Le Président de la République a soulevé la question de la dé-surtransposition dans sa campagne présidentielle et dès le début de son mandat. Nous avons réalisé quelques actions ciblées de dé-surtransposition, mais nous ne sommes pas allés au bout de la logique ; il faut envisager un changement culturel. Vous connaissez cela au Parlement, qui est soumis à des demandes sectorielles. Parfois c'est son administration même qui suggère un amendement pour ajuster une règle, ou les ministères. Dans les projets de loi européens, dont l'objet est large, on essaie d'insérer quelques règles qui vont au-delà de la directive européenne. Il n'y a pas de remède miracle. On peut faire une action ciblée de dé-surtransposition, mais on reprendra le chemin connu quelques années après si le fonctionnement du Gouvernement et du Parlement n'a pas été modifié. Sans alourdir la bureaucratie, je suis prêt à relancer le chantier pour mettre en place un dispositif d'alerte étudiant les mesures de transposition pour vérifier si elles s'en tiennent à la directive européenne ou si elles ajoutent des éléments sans aucun rapport.

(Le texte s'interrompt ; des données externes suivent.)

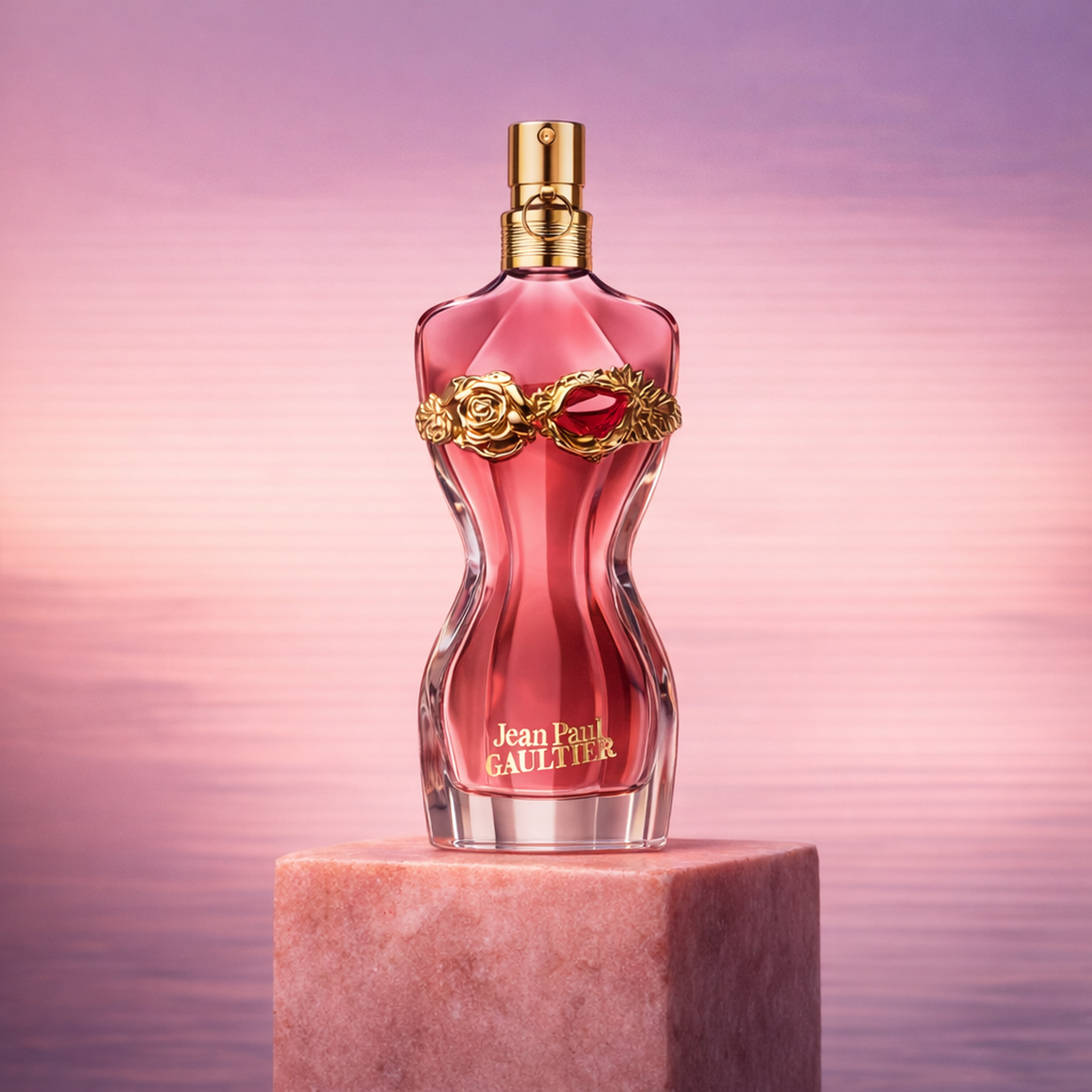 Jean Paul Gaultier La Belle Rosea EDP upright pedestal gallery showcase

Nous avons décidé, dans le Traité d'Aix-la-Chapelle, que la France et l'Allemagne adoptent les mêmes textes de transposition des directives, pour ne pas avoir de règles différentes de celles de notre premier partenaire économique et commercial. C'est souvent la France qui se fixe plus de règles que les autres. Ce processus est très long ; il n'entre pas dans les habitudes des administrations, à commencer par le Gouvernement, qui est à l'origine de la grande majorité des normes. Il est compliqué d'envisager un nouveau vecteur législatif de dé‑surtransposition, il faut surtout parvenir à cette mutation culturelle pour éviter de toujours rajouter des couches de règles.

Concernant la question des transports, les efforts supplémentaires doivent passer par des investissements et des réflexions sur l'extension du système de quotas d'émissions (ETS). Le risque est d'imposer à des secteurs très émetteurs des règles que nos concurrents et voisins immédiats ne s'imposeraient pas. Nous devons donc trouver un équilibre entre une ambition environnementale supplémentaire et des normes qui ne seraient qu'européennes.

Enfin, je ne peux m'aventurer sur le terrain de la politique des tests covid, mais s'il est possible d'apporter des ajustements et une simplification tout en gardant une protection sanitaire, nous le ferons ensemble.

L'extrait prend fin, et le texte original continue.